During the Recession, the share of Pell-eligible undergraduates increased. These students are less likely to be from affluent areas, less likely to be well-prepared, and more likely to be the first in their family to attend college. In short, they need a lot more support and guidance than their counterparts from decades past. As a result, we’ve seen a dramatic expansion in what EAB calls “next-generation advising.”
State funding pulled back during the Recession and for the most part has not returned, putting additional tuition burden on students and families. The result has been an uptick in public criticism over the cost of college. In response, many schools have focused on reducing cost by shortening time to degree. Practices pertaining to degree progress are the most voluminous and fastest growing in the EAB library.
Lastly, we all know that recent graduates had a hard time finding jobs during the Recession, but what is less well known is that levels of unemployment and underemployment still remain near Recession-era highs. This has added a new piece to the student success puzzle: ensuring that students achieve a desirable post-graduate outcome. For most students, that means a greater investment in career development, another quickly growing part of our library.

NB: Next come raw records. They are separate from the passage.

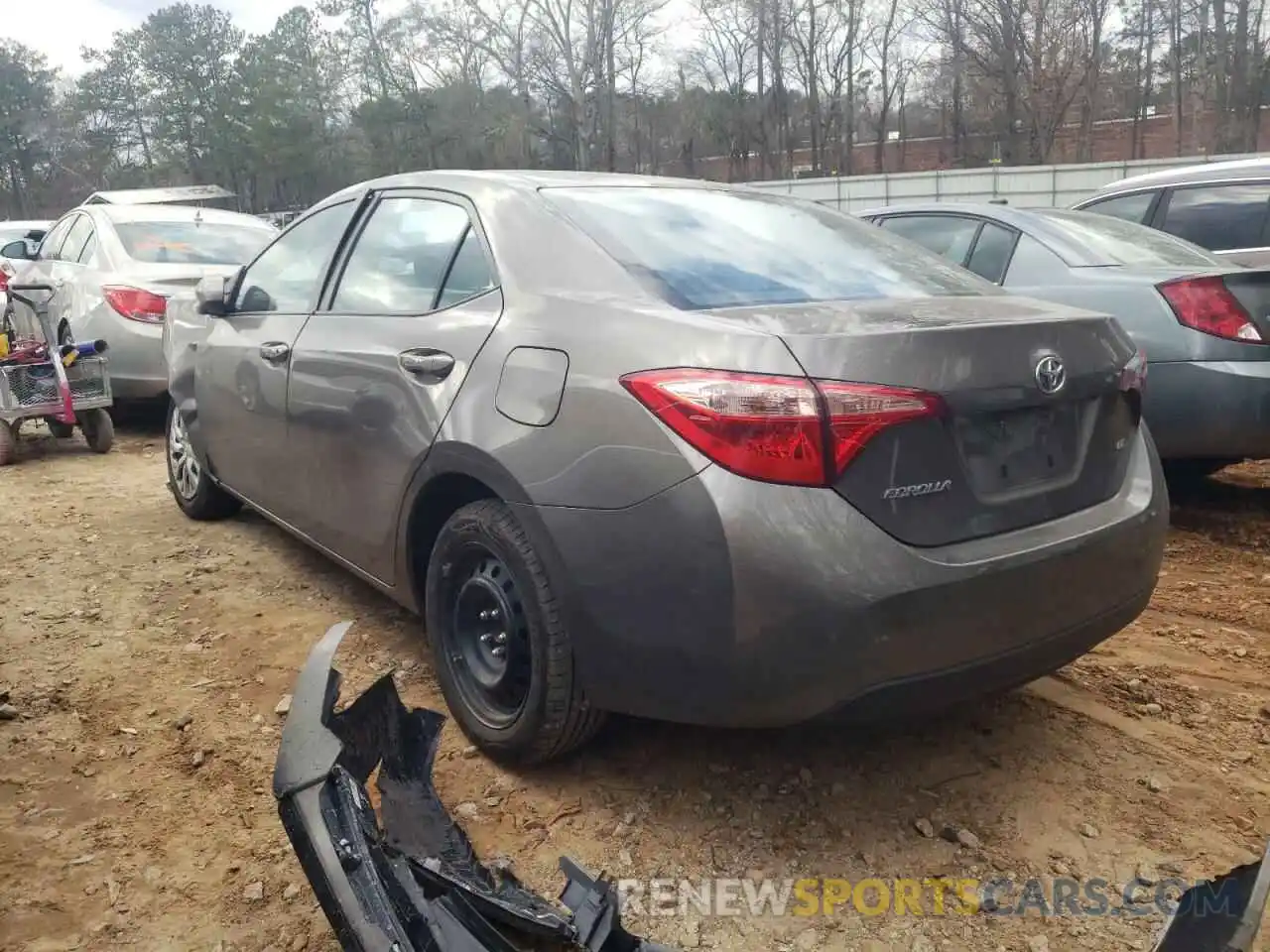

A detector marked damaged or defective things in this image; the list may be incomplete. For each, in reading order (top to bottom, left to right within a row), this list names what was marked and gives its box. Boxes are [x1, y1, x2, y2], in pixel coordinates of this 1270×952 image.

broken black bumper piece [273, 627, 1270, 952]
detached bumper cover on ground [275, 622, 1270, 949] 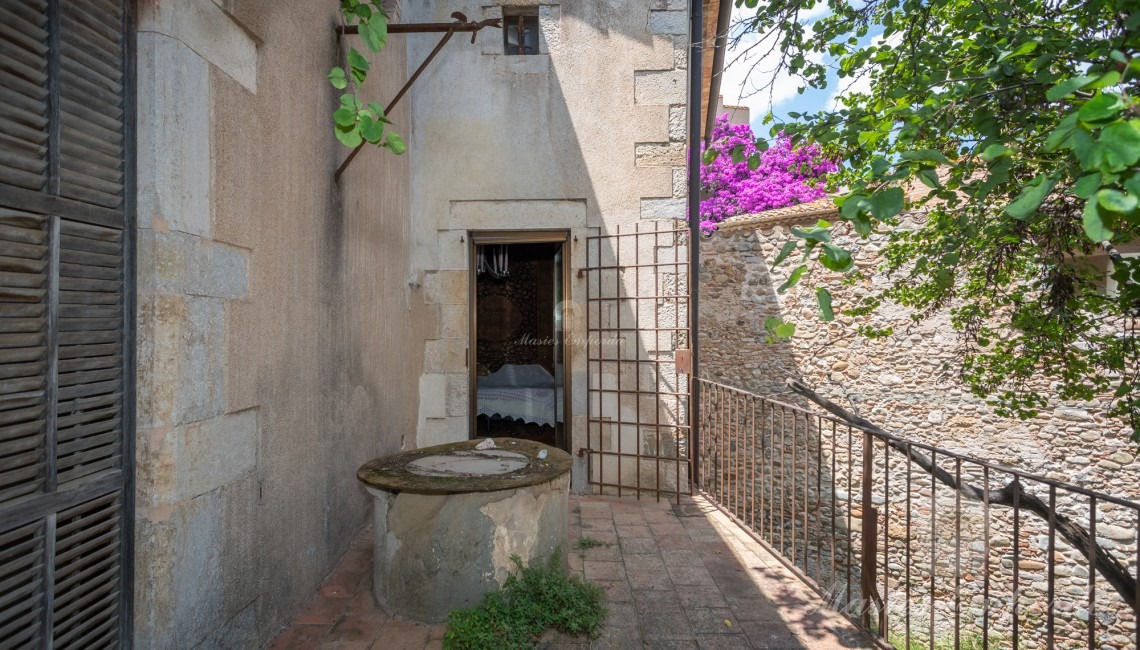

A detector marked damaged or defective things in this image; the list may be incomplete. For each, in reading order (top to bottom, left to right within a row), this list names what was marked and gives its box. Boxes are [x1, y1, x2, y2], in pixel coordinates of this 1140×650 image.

rusty iron gate [0, 0, 134, 644]
rusty iron gate [580, 220, 688, 498] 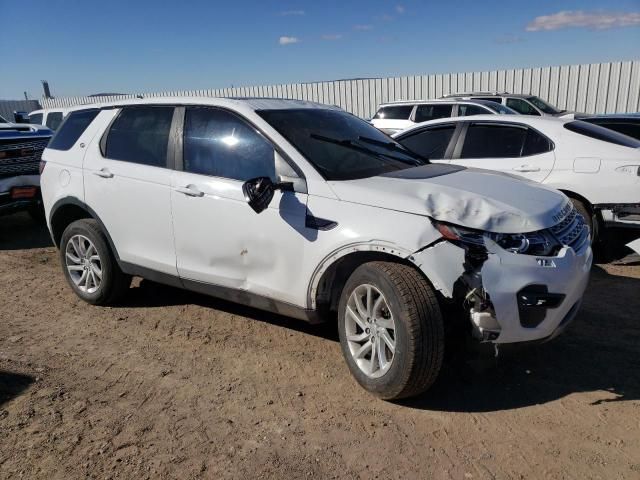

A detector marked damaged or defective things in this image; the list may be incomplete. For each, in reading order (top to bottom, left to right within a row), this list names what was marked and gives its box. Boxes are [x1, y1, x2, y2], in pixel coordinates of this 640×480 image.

damaged white suv [40, 96, 592, 398]
torn bumper cover [412, 237, 592, 344]
damaged front bumper [412, 238, 592, 344] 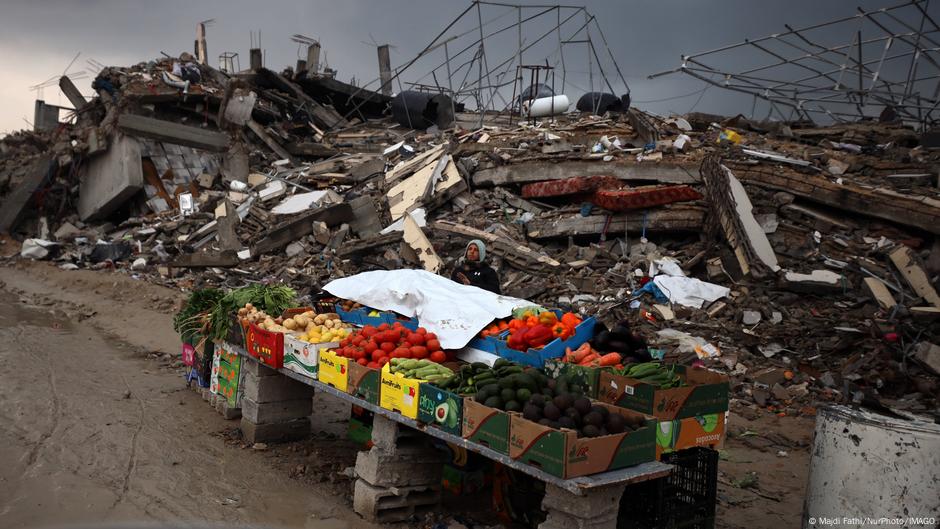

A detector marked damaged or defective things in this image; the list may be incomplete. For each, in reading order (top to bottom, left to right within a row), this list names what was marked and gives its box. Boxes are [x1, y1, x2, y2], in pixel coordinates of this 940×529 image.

broken concrete slab [117, 113, 231, 152]
broken concrete slab [78, 136, 143, 221]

3. The definition of ‘student success’ is itself evolving
Years ago, we used to think about student success in terms of at-risk demographics, or first-to-second year retention. Now a larger definition has emerged: graduate more students, at lower cost, with better outcomes. This is what some have called ensuring a “return on education,” putting student success squarely at the core of the mission of every college and university. We plan to write more about this over the course of 2017.